> [Work order]
All of the data should be restated exactly as it stands.

(Records drawn from a dataset)
⟨

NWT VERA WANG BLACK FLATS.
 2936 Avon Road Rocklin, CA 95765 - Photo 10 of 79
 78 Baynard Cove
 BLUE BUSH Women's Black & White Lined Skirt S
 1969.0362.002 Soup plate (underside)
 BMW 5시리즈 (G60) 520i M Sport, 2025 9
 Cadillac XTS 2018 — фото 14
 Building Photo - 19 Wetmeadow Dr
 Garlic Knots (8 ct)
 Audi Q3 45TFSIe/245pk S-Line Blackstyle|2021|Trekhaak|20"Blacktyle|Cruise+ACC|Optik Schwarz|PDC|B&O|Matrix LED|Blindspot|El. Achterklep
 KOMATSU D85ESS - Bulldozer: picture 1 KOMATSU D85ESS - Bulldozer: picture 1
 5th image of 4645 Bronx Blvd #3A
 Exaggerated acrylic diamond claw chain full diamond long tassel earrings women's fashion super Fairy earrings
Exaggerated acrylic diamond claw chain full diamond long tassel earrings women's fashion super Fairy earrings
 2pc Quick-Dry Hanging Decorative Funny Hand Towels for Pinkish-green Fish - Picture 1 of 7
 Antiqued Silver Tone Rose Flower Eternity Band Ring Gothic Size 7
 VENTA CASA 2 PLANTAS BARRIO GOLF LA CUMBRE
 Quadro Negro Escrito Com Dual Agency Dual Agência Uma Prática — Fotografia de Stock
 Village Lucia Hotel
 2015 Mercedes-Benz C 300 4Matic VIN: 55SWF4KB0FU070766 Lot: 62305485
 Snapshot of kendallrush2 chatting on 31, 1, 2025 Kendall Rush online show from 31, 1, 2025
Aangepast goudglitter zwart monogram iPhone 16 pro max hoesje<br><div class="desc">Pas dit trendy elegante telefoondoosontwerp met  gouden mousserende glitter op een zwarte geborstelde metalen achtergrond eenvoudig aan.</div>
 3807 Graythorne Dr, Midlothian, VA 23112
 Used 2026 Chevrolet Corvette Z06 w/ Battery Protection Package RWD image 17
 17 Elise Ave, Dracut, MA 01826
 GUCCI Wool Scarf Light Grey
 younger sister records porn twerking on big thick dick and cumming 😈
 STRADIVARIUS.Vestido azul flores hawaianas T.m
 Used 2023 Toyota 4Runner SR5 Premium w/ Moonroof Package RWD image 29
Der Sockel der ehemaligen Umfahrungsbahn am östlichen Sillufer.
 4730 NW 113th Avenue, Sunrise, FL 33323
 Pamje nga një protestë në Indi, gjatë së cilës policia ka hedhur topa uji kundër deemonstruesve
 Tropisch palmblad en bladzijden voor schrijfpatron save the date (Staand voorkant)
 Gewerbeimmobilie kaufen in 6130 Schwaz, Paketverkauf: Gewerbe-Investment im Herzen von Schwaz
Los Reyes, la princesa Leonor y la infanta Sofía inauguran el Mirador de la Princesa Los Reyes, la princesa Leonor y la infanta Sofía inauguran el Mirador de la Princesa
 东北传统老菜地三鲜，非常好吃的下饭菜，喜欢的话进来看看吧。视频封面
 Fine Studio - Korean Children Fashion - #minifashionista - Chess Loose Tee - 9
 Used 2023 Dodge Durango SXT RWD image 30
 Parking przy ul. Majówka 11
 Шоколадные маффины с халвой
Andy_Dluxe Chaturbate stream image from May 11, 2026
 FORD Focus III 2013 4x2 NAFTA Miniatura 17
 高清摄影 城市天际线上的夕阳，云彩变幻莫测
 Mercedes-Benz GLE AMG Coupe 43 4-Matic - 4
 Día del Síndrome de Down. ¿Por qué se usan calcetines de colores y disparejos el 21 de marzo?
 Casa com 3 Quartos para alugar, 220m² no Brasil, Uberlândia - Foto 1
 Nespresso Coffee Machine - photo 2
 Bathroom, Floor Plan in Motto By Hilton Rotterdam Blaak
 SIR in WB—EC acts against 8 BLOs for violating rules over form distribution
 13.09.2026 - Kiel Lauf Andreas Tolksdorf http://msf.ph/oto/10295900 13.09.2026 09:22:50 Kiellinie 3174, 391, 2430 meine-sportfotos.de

⟩

> [Answer to the exercise]
NWT VERA WANG BLACK FLATS.
 2936 Avon Road Rocklin, CA 95765 - Photo 10 of 79
 78 Baynard Cove
 BLUE BUSH Women's Black & White Lined Skirt S
 1969.0362.002 Soup plate (underside)
 BMW 5시리즈 (G60) 520i M Sport, 2025 9
 Cadillac XTS 2018 — фото 14
 Building Photo - 19 Wetmeadow Dr
 Garlic Knots (8 ct)
 Audi Q3 45TFSIe/245pk S-Line Blackstyle|2021|Trekhaak|20"Blacktyle|Cruise+ACC|Optik Schwarz|PDC|B&O|Matrix LED|Blindspot|El. Achterklep
 KOMATSU D85ESS - Bulldozer: picture 1 KOMATSU D85ESS - Bulldozer: picture 1
 5th image of 4645 Bronx Blvd #3A
 Exaggerated acrylic diamond claw chain full diamond long tassel earrings women's fashion super Fairy earrings
Exaggerated acrylic diamond claw chain full diamond long tassel earrings women's fashion super Fairy earrings
 2pc Quick-Dry Hanging Decorative Funny Hand Towels for Pinkish-green Fish - Picture 1 of 7
 Antiqued Silver Tone Rose Flower Eternity Band Ring Gothic Size 7
 VENTA CASA 2 PLANTAS BARRIO GOLF LA CUMBRE
 Quadro Negro Escrito Com Dual Agency Dual Agência Uma Prática — Fotografia de Stock
 Village Lucia Hotel
 2015 Mercedes-Benz C 300 4Matic VIN: 55SWF4KB0FU070766 Lot: 62305485
 Snapshot of kendallrush2 chatting on 31, 1, 2025 Kendall Rush online show from 31, 1, 2025
Aangepast goudglitter zwart monogram iPhone 16 pro max hoesje<br><div class="desc">Pas dit trendy elegante telefoondoosontwerp met  gouden mousserende glitter op een zwarte geborstelde metalen achtergrond eenvoudig aan.</div>
 3807 Graythorne Dr, Midlothian, VA 23112
 Used 2026 Chevrolet Corvette Z06 w/ Battery Protection Package RWD image 17
 17 Elise Ave, Dracut, MA 01826
 GUCCI Wool Scarf Light Grey
 younger sister records porn twerking on big thick dick and cumming 😈
 STRADIVARIUS.Vestido azul flores hawaianas T.m
 Used 2023 Toyota 4Runner SR5 Premium w/ Moonroof Package RWD image 29
Der Sockel der ehemaligen Umfahrungsbahn am östlichen Sillufer.
 4730 NW 113th Avenue, Sunrise, FL 33323
 Pamje nga një protestë në Indi, gjatë së cilës policia ka hedhur topa uji kundër deemonstruesve
 Tropisch palmblad en bladzijden voor schrijfpatron save the date (Staand voorkant)
 Gewerbeimmobilie kaufen in 6130 Schwaz, Paketverkauf: Gewerbe-Investment im Herzen von Schwaz
Los Reyes, la princesa Leonor y la infanta Sofía inauguran el Mirador de la Princesa Los Reyes, la princesa Leonor y la infanta Sofía inauguran el Mirador de la Princesa
 东北传统老菜地三鲜，非常好吃的下饭菜，喜欢的话进来看看吧。视频封面
 Fine Studio - Korean Children Fashion - #minifashionista - Chess Loose Tee - 9
 Used 2023 Dodge Durango SXT RWD image 30
 Parking przy ul. Majówka 11
 Шоколадные маффины с халвой
Andy_Dluxe Chaturbate stream image from May 11, 2026
 FORD Focus III 2013 4x2 NAFTA Miniatura 17
 高清摄影 城市天际线上的夕阳，云彩变幻莫测
 Mercedes-Benz GLE AMG Coupe 43 4-Matic - 4
 Día del Síndrome de Down. ¿Por qué se usan calcetines de colores y disparejos el 21 de marzo?
 Casa com 3 Quartos para alugar, 220m² no Brasil, Uberlândia - Foto 1
 Nespresso Coffee Machine - photo 2
 Bathroom, Floor Plan in Motto By Hilton Rotterdam Blaak
 SIR in WB—EC acts against 8 BLOs for violating rules over form distribution
 13.09.2026 - Kiel Lauf Andreas Tolksdorf http://msf.ph/oto/10295900 13.09.2026 09:22:50 Kiellinie 3174, 391, 2430 meine-sportfotos.de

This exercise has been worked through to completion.